Add a table: "Invariance to image size" based on the Spring Benchmark
Many thanks for training and providing models that are better than DepthPro. I am particularly grateful for the fact that UniDepthV2 is flexible in terms of input image size, which is written in this quote:
Specifically, we sample images with variable pixel counts between 0.2MP and 0.6MP, allowing the model to operate effectively across diverse resolutions without being biased toward a single fixed input size.
I am very glad that you have added Fig. 4. "Invariance to image shape". I think it would be a good idea to add something similar for different input image sizes in the form of an ‘Invariance to image size’ table.

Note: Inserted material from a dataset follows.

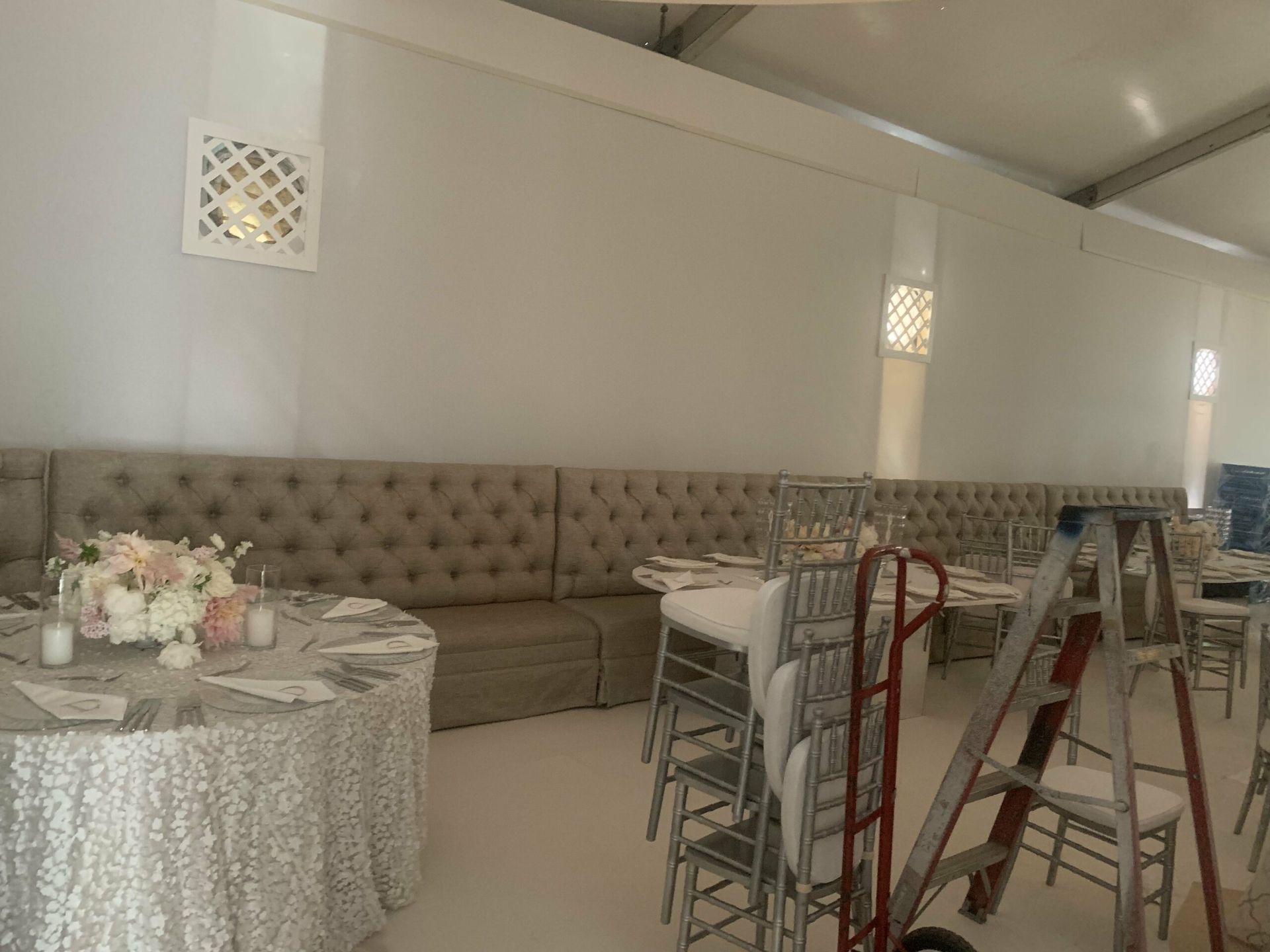 A large room with tables and chairs set up for a wedding reception.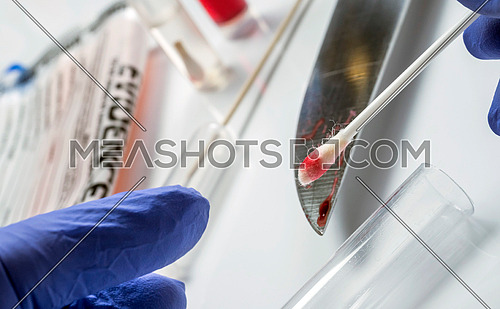 Expert police extracts traces of blood on a knife in scientific laboratory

In my opinion, the depth estimation is most applicable for video files with a standard resolution of 1920x1080 or 3840x2160 and the typical aspect ratio of most monitors, i.e. 16:9. I would therefore like to ask for a comparison for unidepth-v2-vitl14 on the zero-shot Spring Benchmark Spring FAQ.
This is a synthetic dataset, so it contains very precise depth data and is based on video material with a typical resolution for films: 1920x1080. It is very often used to evaluate depth estimation models, including metric models such as: SharpDepth or DepthPro
The more resolutions the better, especially those above 0.6MP, to see at what resolution the quality starts to drop off. I know that the sizes have to be divisible by 14, so I'm giving only approximate sizes for a typical 16:9 format:
1920x1080 (1080p) 1842x1036 (2x518) 1280x720 (720p) 960x540 (1/3 of 2160p) 921x518 (518 DINOv2)

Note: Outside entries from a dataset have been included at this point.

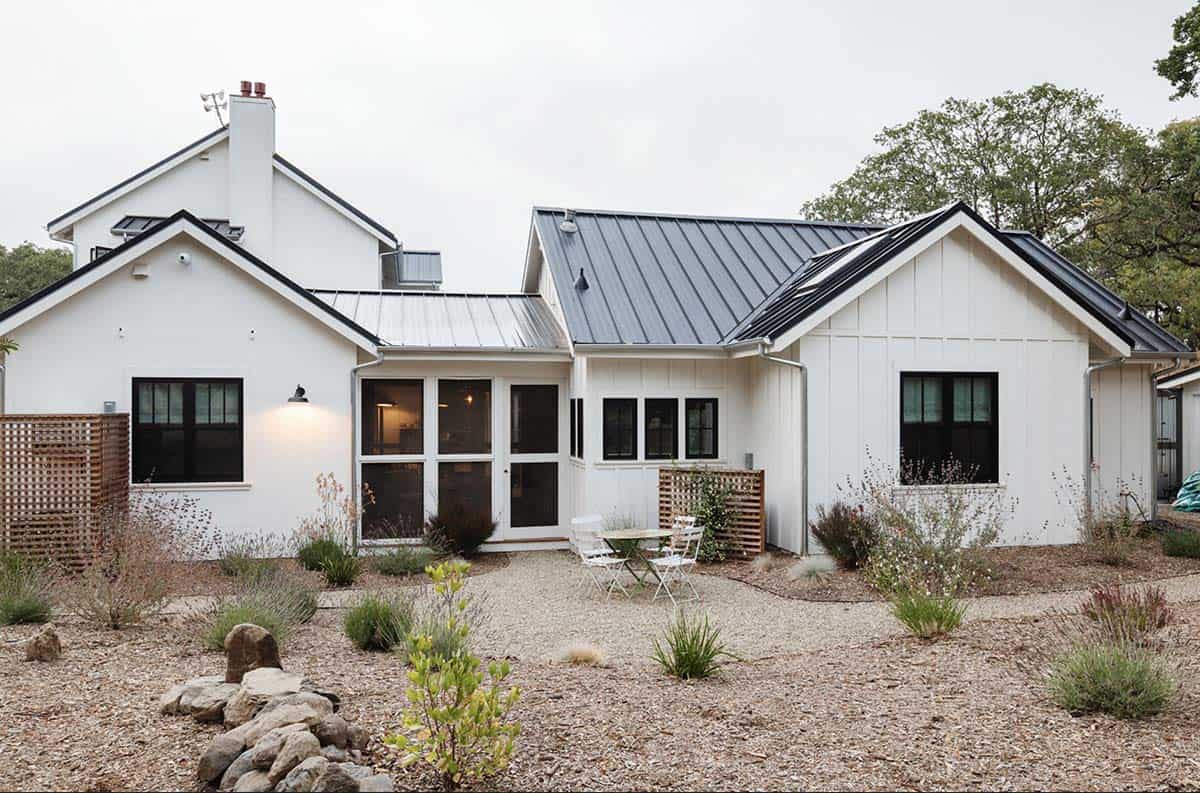Rear exterior showing multiple gabled rooflines and gravel courtyard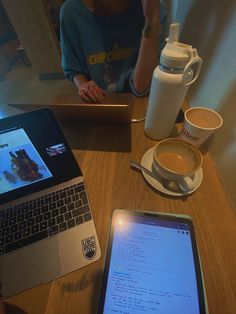 a laptop computer sitting on top of a wooden table next to a cup of coffee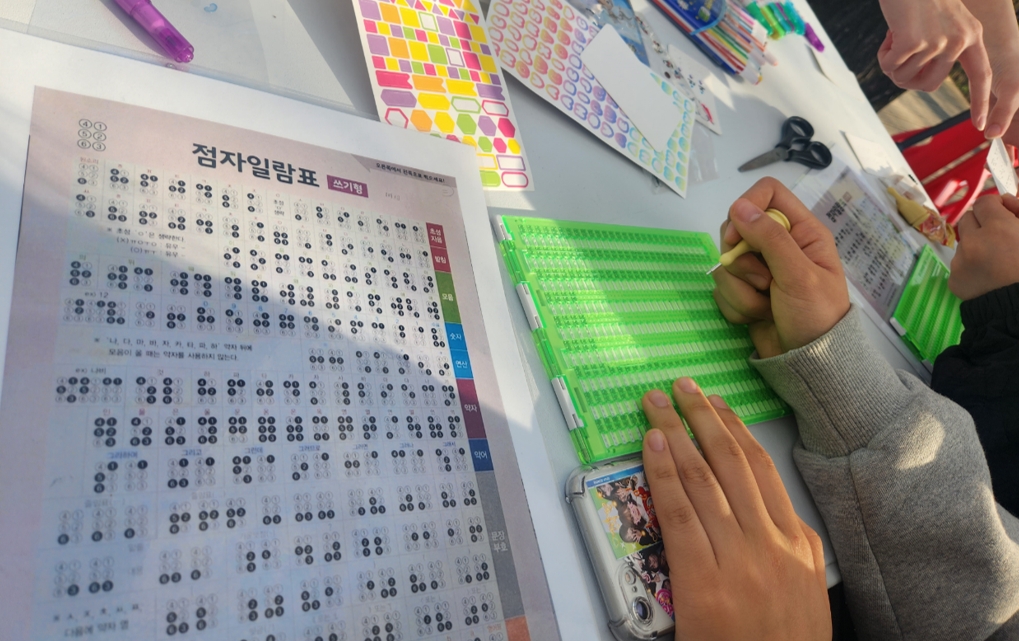 Students punching out braille to make bookmarks of their own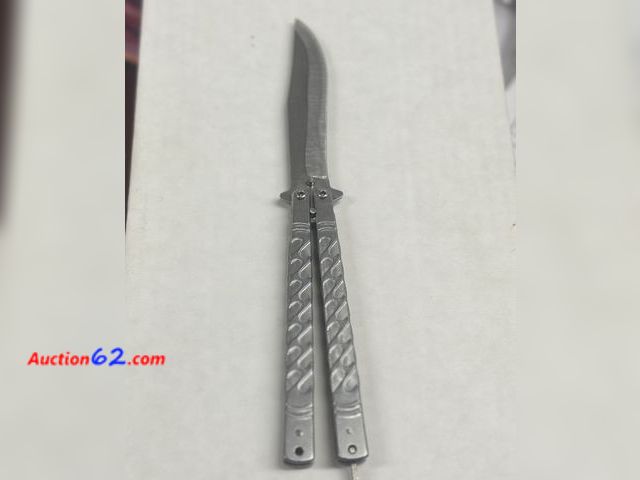 Lot 44-6012a - Butterfly knife metal color # 78003. Appears New, A basic inspection has been given to this item. Sold AS-IS. See All Photo's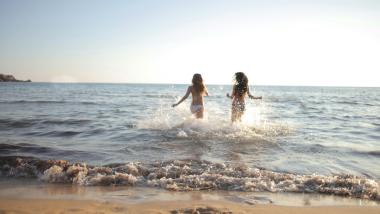 Le Rose Nuove Viserba due persone che giocano nel mare sulla spiaggia al tramonto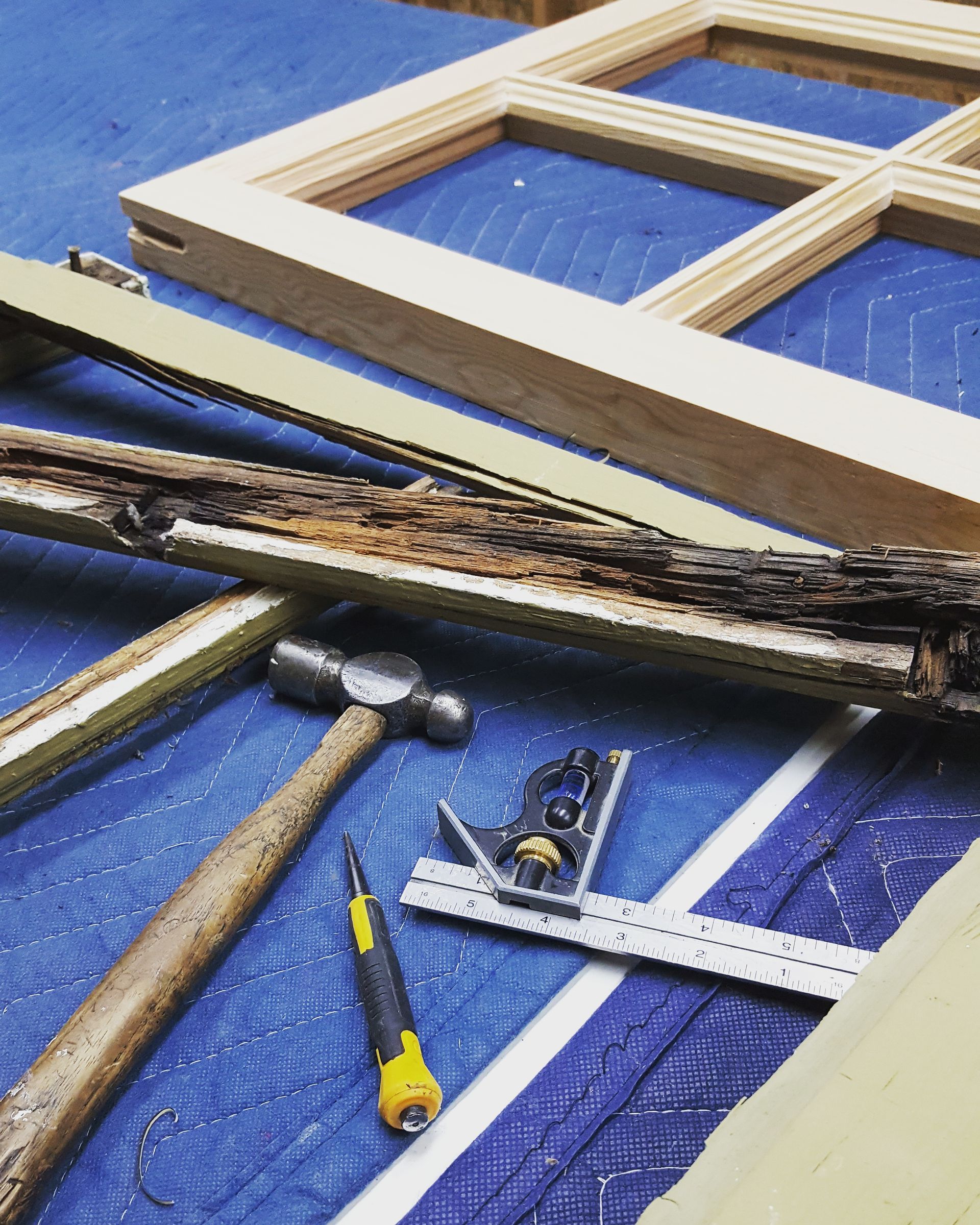 A hammer and a ruler are laying on a blue tarp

The best metric for evaluating metric models is of course: F-score.
I will run experiments on larger image sizes for Spring with different inputs and get back here.

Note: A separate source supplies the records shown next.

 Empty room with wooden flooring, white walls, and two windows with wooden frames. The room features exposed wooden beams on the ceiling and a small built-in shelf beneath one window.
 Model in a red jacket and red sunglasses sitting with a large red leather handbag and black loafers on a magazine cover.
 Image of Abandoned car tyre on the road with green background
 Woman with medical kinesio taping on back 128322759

However, really large image sizes lead to memory issues and 1080p may be too much for practical usage due to ViT global attention. The need for high-detail depth estimation is a long-standing problem, already tackled here with CNN and more recently in DepthPro. In the latter, the authors tried to amend the global-attention issue by using an "explicit multi-scale" ViT, while that is a good way of tackling the issue, it may come with other downsides (already present ). So in general, when image sizes are that large, i.e. 2K or 4K, probably ViT is not the best option and it may make sense to revert to something like I linked above.